Robert H Oakley et al. BMC Med Genet. .

Abstract

Background: We recently identified a role for the muscle-specific ubiquitin ligase MuRF1 in right-sided heart failure secondary to pulmonary hypertension induced by chronic hypoxia (CH). MuRF1-/- mice exposed to CH are resistant to right ventricular (RV) dysfunction whereas MuRF1 Tg + mice exhibit impaired function indicative of heart failure. The present study was undertaken to understand the underlying transcriptional alterations in the RV of MuRF1-/- and MuRF1 Tg + mice.

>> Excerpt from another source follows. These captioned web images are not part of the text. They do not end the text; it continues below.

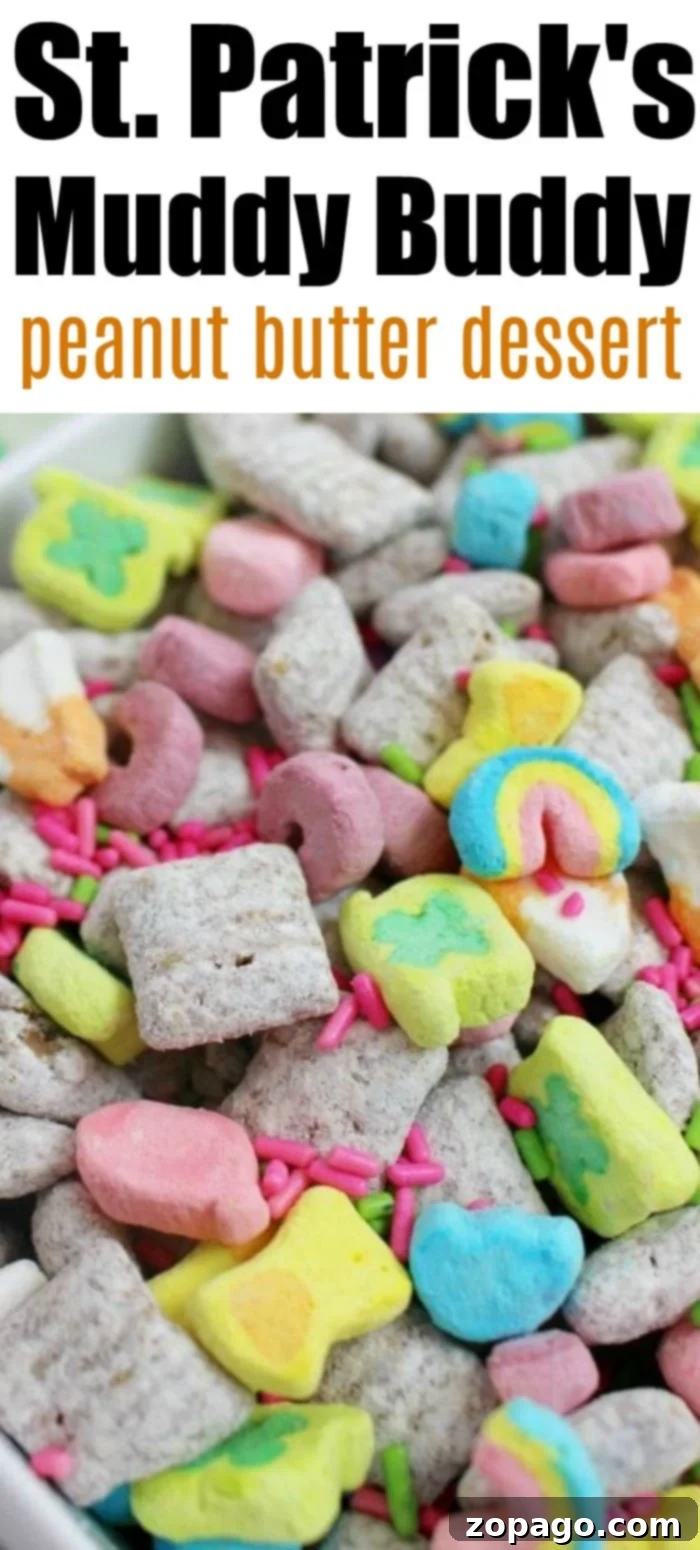 Chex muddy buddies recipe is great for a party or gift idea. Add mix ins for every holiday to add some color to this crunchy peanut butter dessert. Vibrant muddy buddy recipe with green sprinkles for St. Patrick's Day.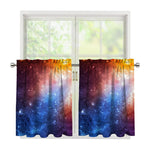 Fiery Universe Nebula Galaxy Space Print Tier Curtains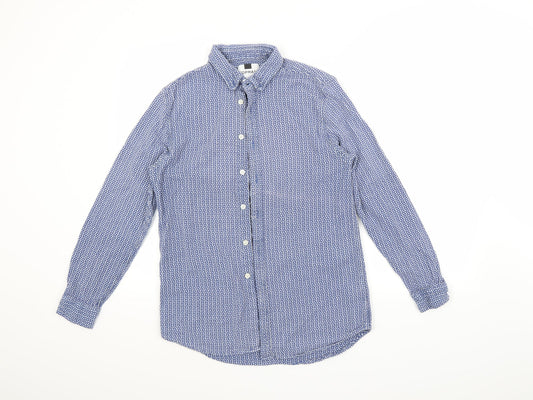 Topman Mens Blue Geometric   Button-Up Size M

Methods: Microarray analysis was performed on RNA isolated from the RV of MuRF1-/-, MuRF1 Tg+, and wild-type control mice exposed to CH.

Results: MuRF1-/- RV differentially expressed 590 genes in response to CH. Analysis of the top 66 genes (> 2-fold or < - 2-fold) revealed significant associations with oxidoreductase, transcription regulation, and transmembrane component annotations. The significant genes had promoters enriched for HOXD12, HOXC13, and RREB-1 protein transcription factor binding sites. MuRF1 Tg + RV differentially expressed 150 genes in response to CH. Analysis of the top 45 genes (> 3-fold or < - 3-fold) revealed significant associations with oxidoreductase-metabolic, glycoprotein-transmembrane-integral proteins, and alternative splicing/splice variant annotations. The significant genes were enriched for promoters with ZIC1 protein transcription factor binding sites.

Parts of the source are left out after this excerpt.